Punto primo: i due gruppi in questione sono ottimi gruppi. Musicalmente ineccepibili e con una creatività eccentrica ed affascinante (più barocchi i Pennelli, Più rockeggianti i Lega - egualmente ed efficacemente teatrali entrambi), con testi che divertono, fanno pensare e soprattutto - cosa insolita per i concerti indie della scena italiana - si capiscono mentre il cantante li canta (si fosse finalmente capito che i suondcheck servono a qualcosa?).
Punto secondo: a Meg che allucca "uagliù facit burdell'" io le avrei piantato una roncola in mezzo agli occhi, al posto del piercing; a Zulù che me la mena col rafaniello e col salario garantito avrei sempre voluto chiedere chi è che glielo dovrebbe garantire, con quali soldi, e soprattutto perché; a Checco Di Bella avrei solo detto (in effetti glielo dissi davvero durante un'intervista) di prendersi meno sul serio nella parte del tossico poetico.
Punto terzo: ciò non toglie che le denuncie dei Posse fossero spesso leggittimissime, a prescindere dal fatto che chi le faceva potesse starmi più o meno sui coglioni, e che il suo uso del dialetto potesse sembrarmi a volte caricaturale; e - riguardo a Checco - non toglie nemmeno che "il poeta è fingitore/finge così completamente/da fingere che è dolore/il dolore che davvero sente" (Pessoa): come a dire, insomma, che un pò di trasandatezza biascicata fa parte stesso del personaggio.
Punto D: se i gruppi napoletani passano dal dialetto all'italiano, Napoli risorge? O, per lo meno, il mutamento di linguaggio può influire sulla resurrezione? E' questo il coraggio di osare? Così come non credevo ai proclami zuluisti, non credo a sta cazzata che cambiare lingua significa "avere il coraggio di osare" o addirittura "rivendicare il proprio diritto ad ESISTERE". Abbassando di molto il tiro non credo proprio che basti qualche canzone in lingua italica ad eliminare gli stereotipi napoletani. E poi sarebbe come a dire: "L'Italia oggi è una merda: per distinguerci cominciamo ad esmprimerci in tedesco".

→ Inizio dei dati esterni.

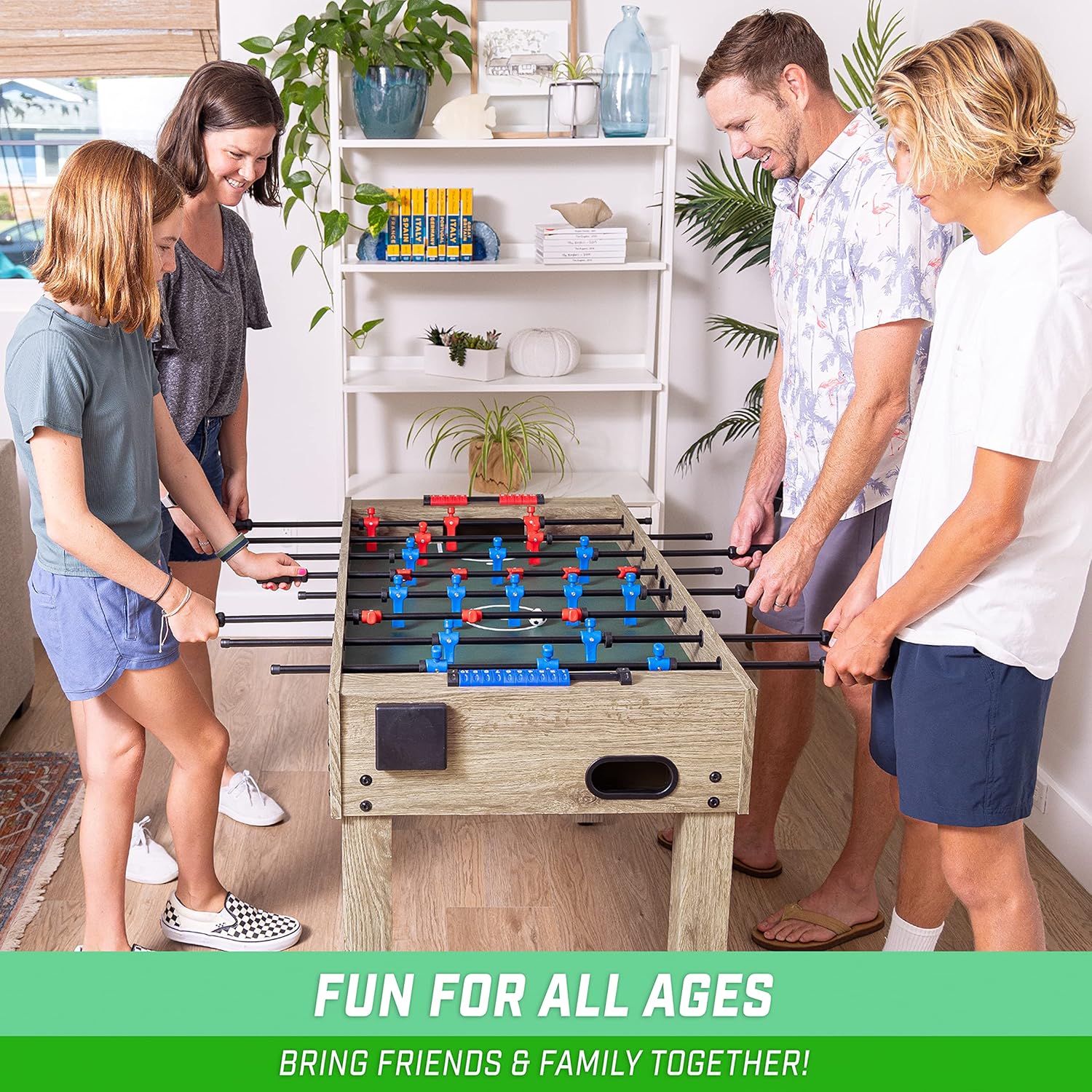 GoSports 48 Inch Game Room Size Foosball Table - Oak Finish - Includes 4 Balls and 2 Cup Holders : Everything Else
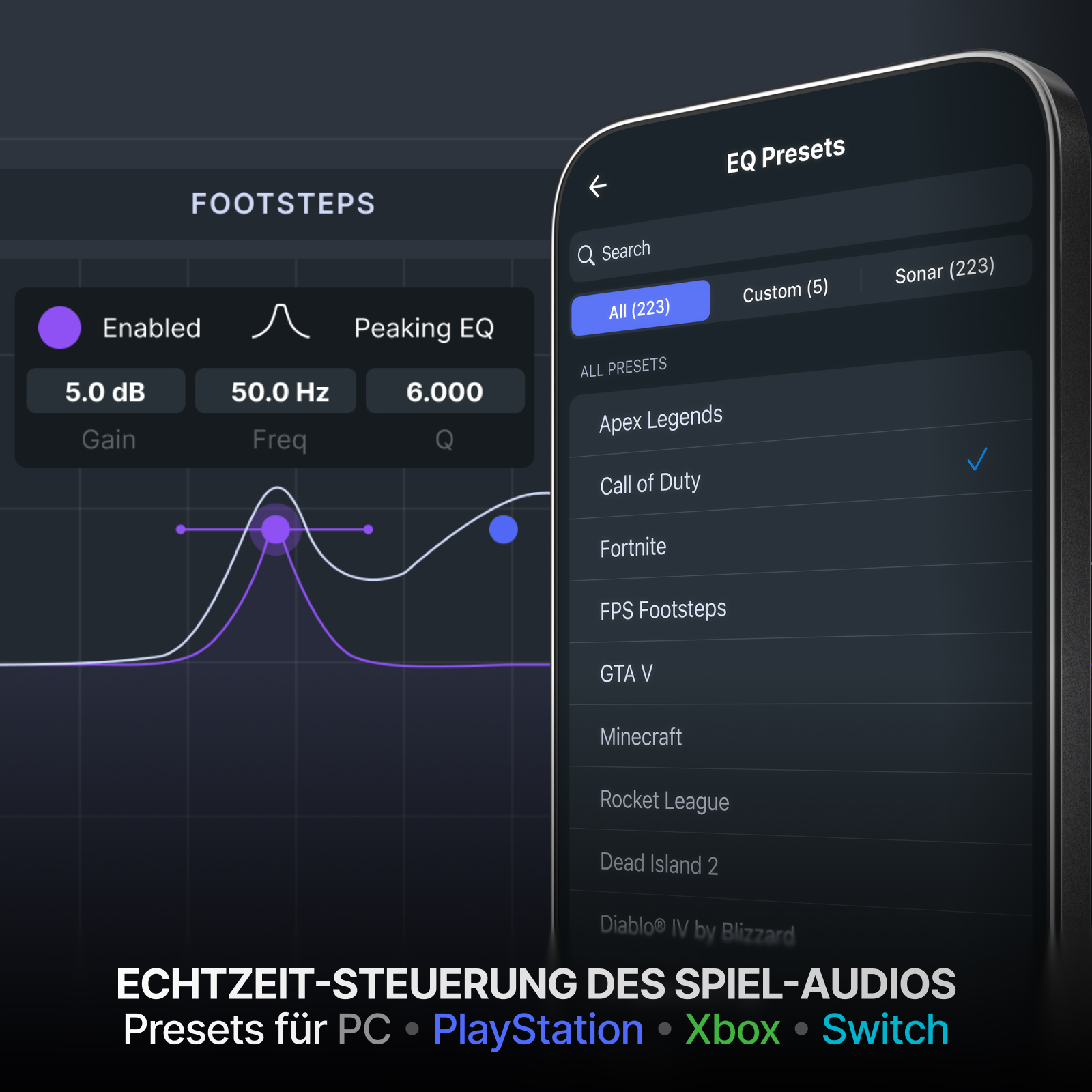 App-Oberfläche mit EQ-Voreinstellungen, einem Diagramm und Spieleplattform-Symbolen. Text enthält 'Footsteps' und Spieletitel wie 'Call of Duty'.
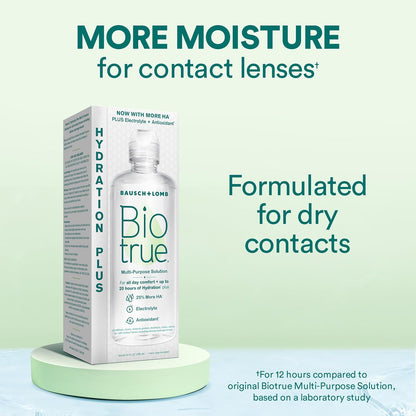 Biotrue Hydration Plus Contact Lens Solution with Lens Case, Multi-Purpose Solution for Soft Lenses, Hydrates..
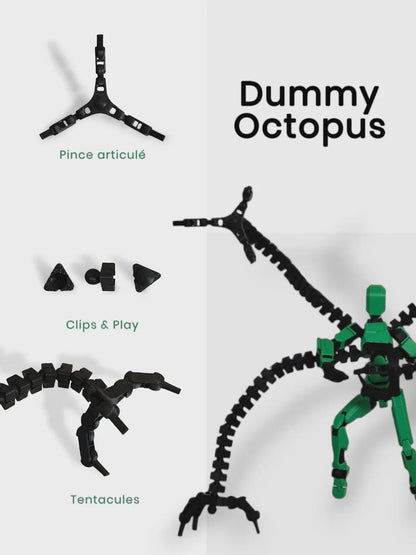 Dummy Octopus – 3D-gedruckte Tentakel-Figur kompatibel mit Dummy 13 – beweglich, sammelbar, custom Actionfigur Zubehör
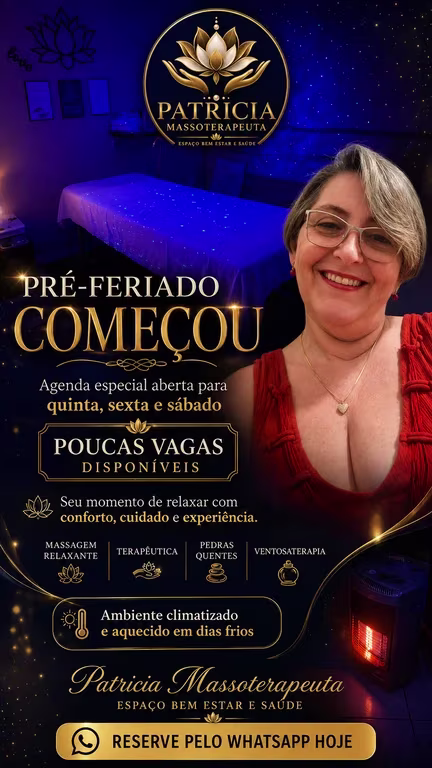 Patricia Massoterapeuta desde 2000,Tanta e NURU público alvo 40+ Massagista em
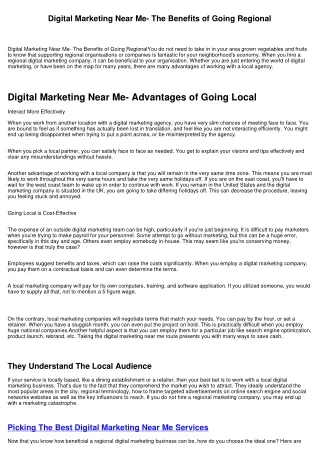 Digital Marketing Near Me- The Benefits of Going Local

Ciò non toglie che entrame le cose (le invettive dei Posse e il manifesto congiunto Lega/Pennelli) mi facciano riflettere, mi aiutino a capire la realtà che mi circonda e bla bla bla... ma da qui a credere che dicendo "ragazzi" invece di "uagliù" ho fatto la svolta ci passa una discarica in mezzo. Suonare è un conto, aiutare Napoli a risorgere un altro. Non che la cosa non influisca, ma se vuol davvero essere utile dev'esserlo senza pretese salvifiche. L'arte non toglie la munnezza dalla strade, anche se coloro che la praticano sentono il problema in maniera molto forte. La scelta dell'italico idioma è leggittimissima e anche intrigante (in un certo qual modo anche effettivamente nuova per la scena napoletana). Ma per favore non menatecela col manifesto (che sennò si rischia che torna pure di nuovo Zulù "cu' sicchio e a colla e 'i va' 'a 'zzeccà").
E questo è quanto (non mi va di scrivere oltre perché sono brillo e stanco).
E comunque il concerto è stato davvero bello.